At least, that’s one quick version of Gnosticism.  The details vary, but the broad strokes are the same.  Regardless, we can easily see that Gnosticism and its offspring are inherently anti-Christian in nature.  They reject God’s Holiness, and elevate Satan to the role of a “good” god.  Like all forms of heresy—and sin!—Satan inverts and perverts the Truth.

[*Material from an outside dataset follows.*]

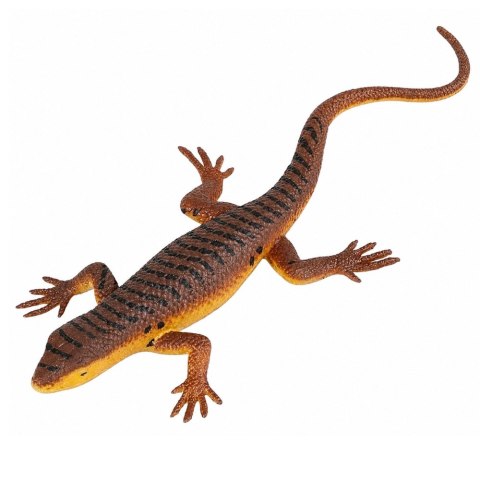 LEAN TOYS Jaszczurka Żyworodna Gumowa Figurka Rozciągliwa Realistyczna 12,5 cm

And what is witchcraft, then, but an attempt to manipulate the spiritual world to do the bidding of humans in this world?  The Bible makes it very clear that witchcraft is not good.  We all know Exodus 22:18, a verse that has graced the opening title cards of many a bad horror film:  “Thou shalt not suffer a witch to live.”  1 Samuel 28:3-25 tells the story of King Saul consulting the Witch at Endor, seeking to speak with the ghost of the prophet Samuel.  For this violation of God’s Law—and its implicit lack of trust in God’s Providence—Saul lost his throne for himself and his heirs.

I’m not advocating we go around staking overweight YouTube lesbians who claim to be witches (although I love Brian Neimeier‘s non-violent and cheeky “Witch Test“), but we need to be mindful of how easy it is to fall into heresy.  Christianity is a difficult faith at times, even though in some ways, it is the easiest:  Christ Offers us the free Gift of His Grace; Salvation is available to us, if only we will receive it.  But there are certainly difficult passages, and reconciling the God of the Old Testament with the Christ of the New Testament has presented a perennial struggle for some Christians.

Of course, even that dichotomy is false—and potential form of heresy!  The God of the Old Testament is the God of the New—and the God of today and forever!  God Does Not Change.

Nevertheless, some groups have failed to make the reconciliation; coupled with the Gnostic influences from Persia (via Manichaeism), the Middle Ages saw the rise of a fascinating, complex heresy, one that was rooted out—brutally but, I would argue, necessarily—by the Catholic Church:  the Cathars.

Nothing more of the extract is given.